- IATA: IQM; ICAO: ZWCM;

Summary
- Airport type: Public (closed)
- Operator: Civil Aviation Administration of China
- Location: Qiemo, Xinjiang, China
- Elevation AMSL: 1,252 m / 4,108 ft
- Coordinates: 38°8′58″N 85°31′58″E﻿ / ﻿38.14944°N 85.53278°E

Map
- Qiemo Airport Qiemo Airport

Runways
| Direction | Length |  | Surface |
| m | ft |
| 01/19 | 1,700 | 5,577 | Asphalt |

= Qiemo Airport (former) =

Qiemo Airport was an airport serving Qiemo Town in Xinjiang Uyghur Autonomous Region, China. After passenger service to the airport ended in 2011, a 2012 CAAC report stated that Qiemo Airport had been closed.

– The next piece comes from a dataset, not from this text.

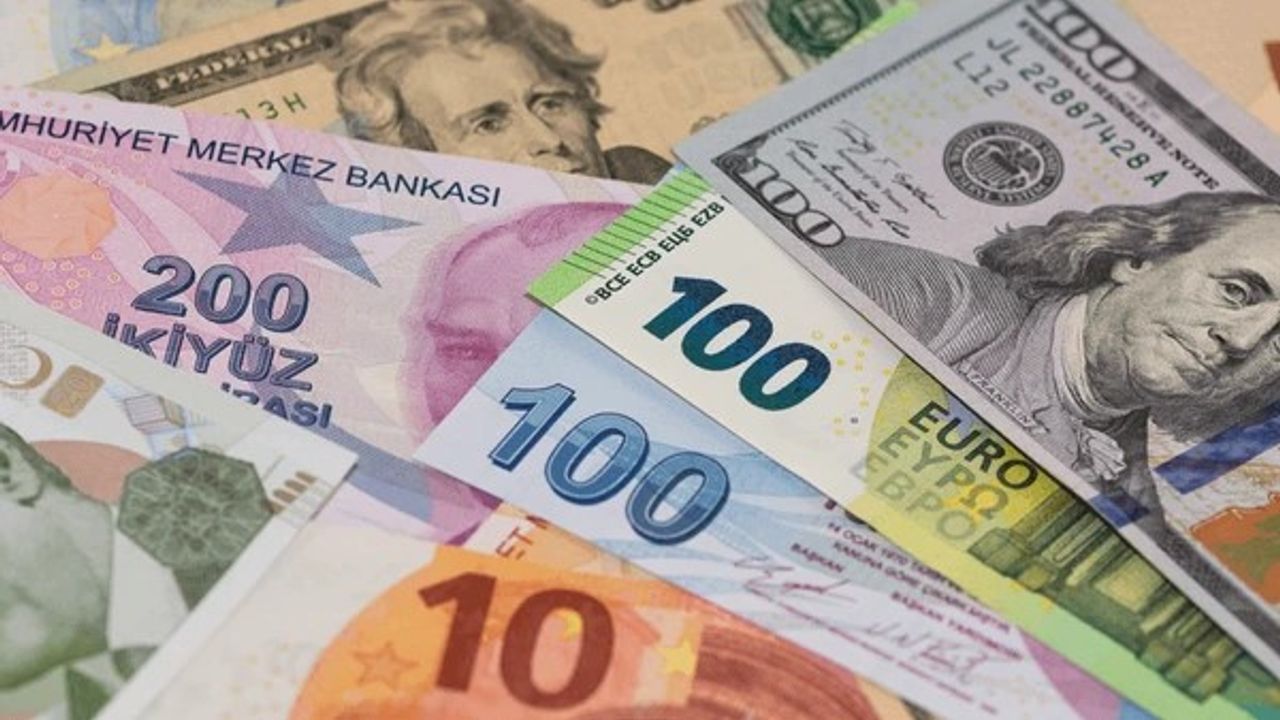 Piyasalarda hareketli sabah! 18 Kasım’da Dolar ve Euro ne kadar oldu?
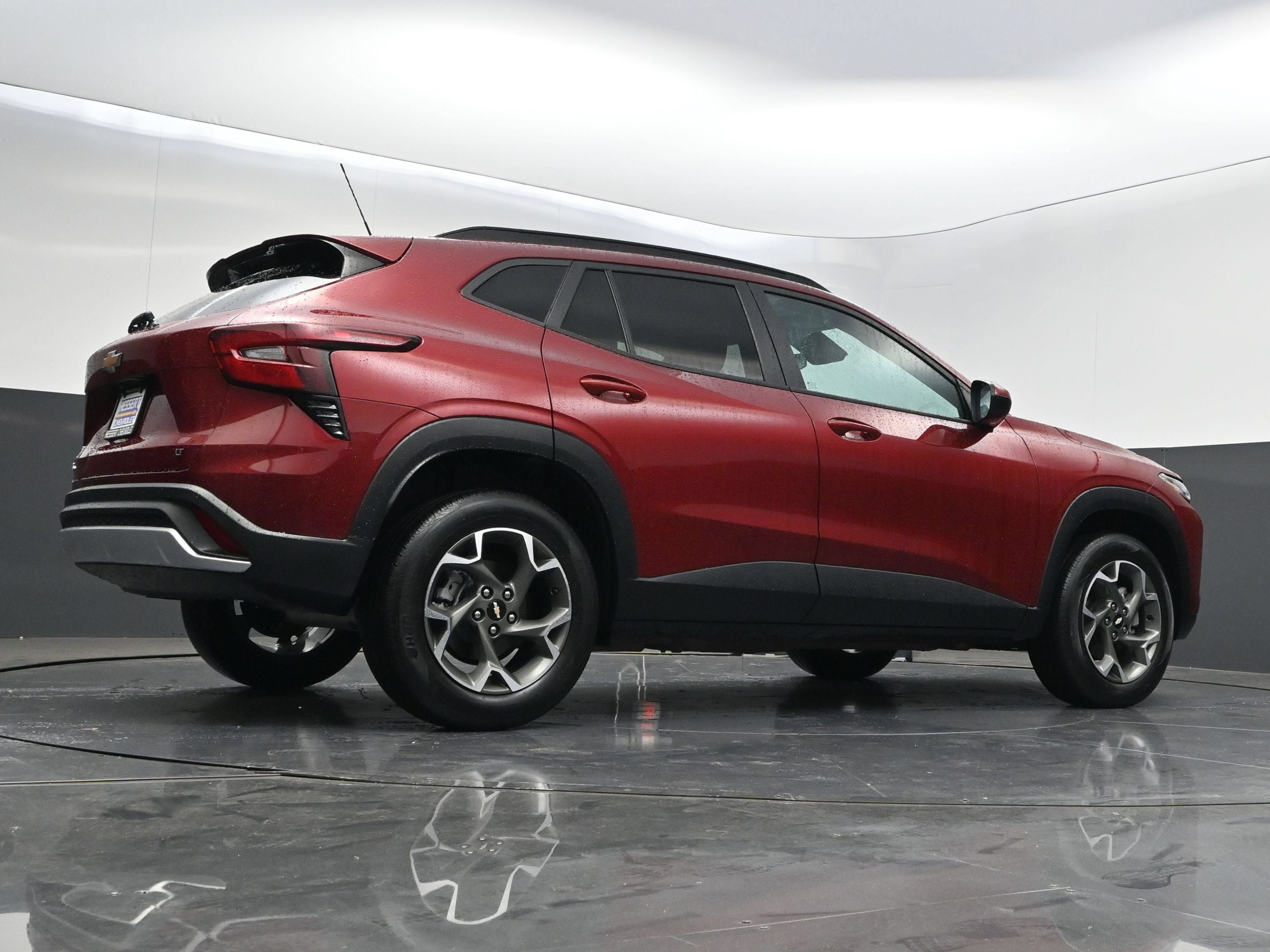 Used 2024 Chevrolet Trax LT FWD image 34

It was replaced by Qiemo Yudu Airport in December 2016, where Qiemo Town regained commercial air service.

==History==
Qiemo Airport received its last passenger flights in 2011. In the same year, civil aviation officials in Xinjiang announced that a new airport would be built to serve Qiemo Town. In its 2012 Civil Aviation Development Statistics Bulletin, the CAAC reported that Qiemo Airport had been closed. The new airport, Qiemo Yudu Airport, opened on 19 December 2016, where commercial air service to Qiemo Town resumed. The new airport has a runway longer than that of Qiemo Airport.

== Infrastructure ==
The airport resided at an elevation of 1252 m above mean sea level. It had one paved runway with dimensions 1700 × 25 m.